Normalna sprawa, że broni Rosa. Chociaż dalej nie jestem jego fanem, to fakty są takie, że w kilku meczach puścił dwie bramki z rzutów karnych. Kuchta niedawno wrócił do treningów i nie zagrał jeszcze ani jednego spotkania.
Trzeba też pomyśleć o mentalu zawodników. Co trener miałby powiedzieć Rosie ? Jak by to wpłynęło na resztę chłopaków ?
Myślę, że jak defensywa i Rosa będą się tak spisywac jak dotychczas, to tą rundę skończymy z nim w bramce. A po zimie zaczną rywalizację od nowa.

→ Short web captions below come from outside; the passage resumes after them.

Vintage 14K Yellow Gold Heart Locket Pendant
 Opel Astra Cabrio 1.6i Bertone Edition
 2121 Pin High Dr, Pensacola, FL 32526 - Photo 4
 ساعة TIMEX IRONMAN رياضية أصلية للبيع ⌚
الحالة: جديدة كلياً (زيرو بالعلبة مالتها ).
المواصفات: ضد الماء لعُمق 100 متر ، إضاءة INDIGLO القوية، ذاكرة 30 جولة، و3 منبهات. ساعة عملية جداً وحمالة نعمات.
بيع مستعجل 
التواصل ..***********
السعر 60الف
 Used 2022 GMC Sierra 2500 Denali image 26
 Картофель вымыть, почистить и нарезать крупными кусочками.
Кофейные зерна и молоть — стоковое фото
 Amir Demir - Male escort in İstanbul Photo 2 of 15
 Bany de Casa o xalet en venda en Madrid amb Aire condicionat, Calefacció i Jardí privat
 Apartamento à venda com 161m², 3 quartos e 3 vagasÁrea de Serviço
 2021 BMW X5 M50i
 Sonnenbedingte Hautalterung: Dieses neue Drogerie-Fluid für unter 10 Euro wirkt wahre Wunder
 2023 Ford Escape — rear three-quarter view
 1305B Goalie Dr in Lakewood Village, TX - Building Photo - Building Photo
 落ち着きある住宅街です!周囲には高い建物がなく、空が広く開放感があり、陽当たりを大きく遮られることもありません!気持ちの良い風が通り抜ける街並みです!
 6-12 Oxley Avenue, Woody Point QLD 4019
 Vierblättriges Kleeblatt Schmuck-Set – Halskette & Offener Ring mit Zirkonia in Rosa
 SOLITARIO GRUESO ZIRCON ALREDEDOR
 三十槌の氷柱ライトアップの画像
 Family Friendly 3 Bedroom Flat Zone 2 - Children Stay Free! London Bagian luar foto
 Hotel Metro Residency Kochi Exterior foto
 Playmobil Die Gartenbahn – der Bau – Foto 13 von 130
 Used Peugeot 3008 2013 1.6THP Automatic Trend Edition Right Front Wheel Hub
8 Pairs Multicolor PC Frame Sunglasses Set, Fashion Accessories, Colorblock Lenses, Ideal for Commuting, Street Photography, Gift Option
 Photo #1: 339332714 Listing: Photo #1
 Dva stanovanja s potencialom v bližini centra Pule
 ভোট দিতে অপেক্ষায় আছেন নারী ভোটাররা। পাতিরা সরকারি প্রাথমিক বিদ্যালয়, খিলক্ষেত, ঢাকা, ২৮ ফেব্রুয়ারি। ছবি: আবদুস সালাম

Re: #11- Odra Opole - GKS Jastrzębie (sb. 07.11., g. 12:40)

#18
Odra myślała że będzie lekko i przyjemnie. Powtarzam jak mantrę. Jak brakuje strzałów na bramkę to nie ma gola. Samo nie wpadnie. W cymbergaja to można pogrywać na stole . Wychodząc na drugą połowę mamy same straty. Stracono zawodnika i gola . W dodatku mając dwóch kandydatów do czerwonej kartki za drugą żółtą oraz notoryczny brak strzelców czarno widać te następne 45 minut.